Four Blind Mice
- Author: James Patterson
- Language: English
- Series: Alex Cross
- Genre: Crime, mystery, thriller
- Publisher: Little, Brown and Company
- Publication date: November 18, 2002 (1st ed. hardcover)
- Publication place: United States
- Pages: 400
- ISBN: 978-0-316-69300-4
- Preceded by: Violets Are Blue
- Followed by: The Big Bad Wolf

= Four Blind Mice =

Book by James Patterson

Four Blind Mice is the eighth novel featuring the Washington, D.C. homicide detective and forensic psychologist Alex Cross, written by James Patterson.

== Plot ==
The novel features Washington D.C. Metro Police homicide detectives Alex Cross and John Sampson as protagonists. While investigating the wrongful conviction and execution of US Army Sergeant Ellis Cooper, their investigation uncovers a series of Army personnel wrongfully convicted and executed for murdering countless civilians. In each instance, the murderer's modus operandi involved painting the corpse.

In the course of the investigation, Cross and Sampson discover that three Army Rangers had committed similar crimes during the Vietnam War. The three Rangers, nicknamed the "Three Blind Mice" (Thomas Starkey, Brownley Harris, and Warren Griffin), had performed a series of unauthorized killings of unarmed villagers and subsequently painted the bodies red, white, and blue. Cross and Sampson track down the killers, but all three are killed in the resulting gunfight.

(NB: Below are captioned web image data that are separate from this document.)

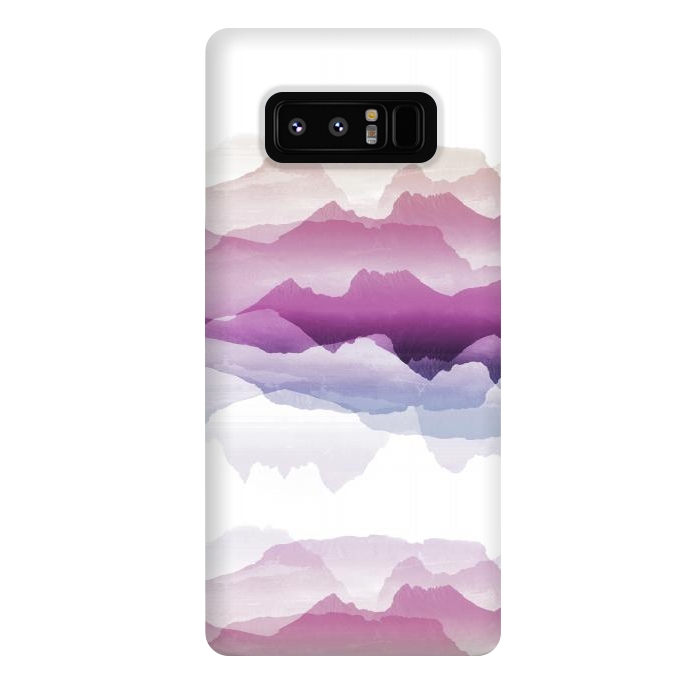 Galaxy Note 8 StrongFit Pink blue gradient mountain landscape by Oana 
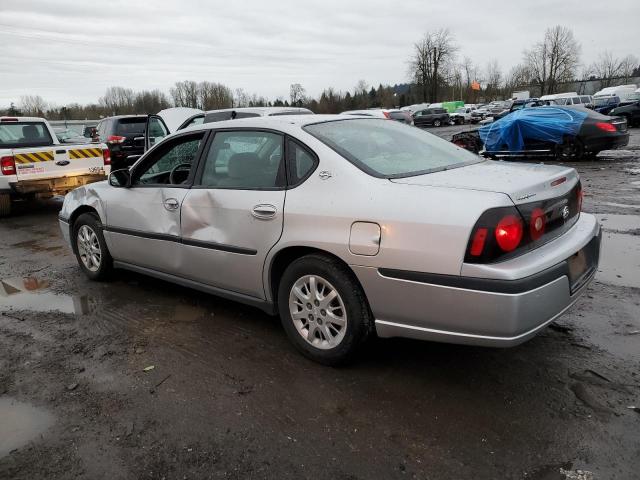 2G1WF52EX49338427 - 2004 CHEVROLET IMPALA SILVER photo 2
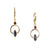 Q Earrings 18k Vermeil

Cross determines that the mastermind behind the murders is General Mark Hutchinson, Commandant of West Point. Hutchinson had been ordering The Three Blind Mice to frame Army personnel who had committed atrocities while serving in Vietnam. Another victim, Colonel Handler, had discovered the plot and was killed so as to not jeopardize Hutchinson's candidacy for the Joint Chiefs of Staff. Hutchinson captures Cross, but before he can murder him, Hutchinson is killed by members of a Vietnamese street gang in retaliation for his sanctioning of and involvement in Vietnam War atrocities.